Government agencies, private organizations, and the news media conducted many different investigations of the causes of the "Detroit Riot" of July 1967 and the solutions for the "urban crisis." Even before the city had stabilized, Governor George Romney and Mayor Jerome Cavanagh launched the New Detroit Committee to lead the task of rebuilding Detroit and bridging the massive racial gulf. President Lyndon Johnson also established the Kerner Commission to investigate the causes of the "civil disorders" in Detroit, Newark, and other American cities.

This page covers the immediate reactions of Mayor Cavanagh and Governor Romney as well as the extremely divergent assessments provided by the Detroit Police Department, the Detroit Urban League, and Black Power leaders in the city.
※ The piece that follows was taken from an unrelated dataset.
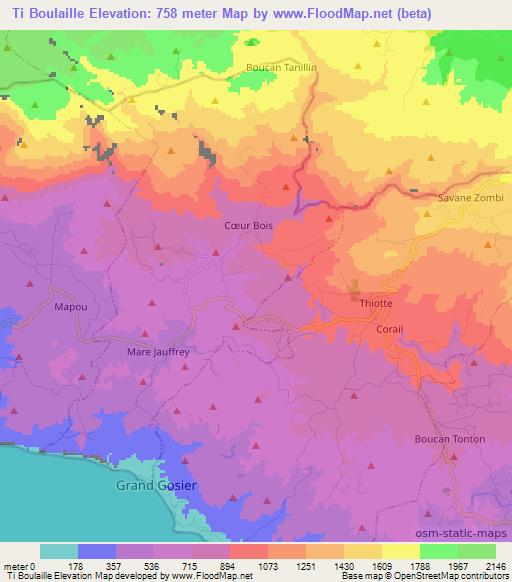 Ti Boulaille,Haiti Elevation Map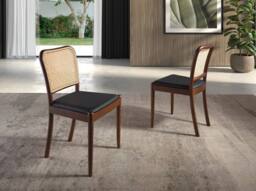 Angel Cerda Rattan & Black Leatherette Dining Chair in Jet Black - thumbnail 3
The subsequent pages in this section examine the New Detroit Committee and Kerner Commission in more depth.

Verdicts from Mayor Cavanagh and Governor Romney

"It is now a matter of record that the men and women of the Police Department responded magnificiently"--Mayor Jerome Cavanagh, August 1, 1967

First, before anything else, Mayor Jerome Cavanagh praised and absolved the Detroit Police Department (right). The mayor thanked police officers for their "courage" and professionalism in protecting the city while facing sniper fire, a threat that was greatly exaggerated and had rationalized some of the police department's most egregious abuses of civil liberties and even murder. For the mayor, the DPD had "responded magnificiently." A few days later, facing fierce criticism from civil rights groups, the mayor promised a full investigation of alleged police mistreatment of civilians, which never happened.

On August 15, Cavanagh testified to the Kerner Commission (below gallery, far right). The mayor opened by telling the commission that he had been warning about the urban crisis for years and then said: 

"Our treatment of Negroes has been a national disgrace. . . . The explosion in Detroit was really just one flame in what might be termed a nationwide fire. . . . How many more warnings does our nation need?"--Mayor Cavanagh to Kerner Commission, Aug. 15, 1967 

Cavanagh said that police brutality had not started the riot, and neither had black power extremists. To defend the DPD, the mayor boasted about its successful suppression of the Kercheval unrest in 1966 and explained that the city had the nation's most sophisticated riot prevention plan in place. And yet, this time the police department could not control the eruption in the ghetto. Why not?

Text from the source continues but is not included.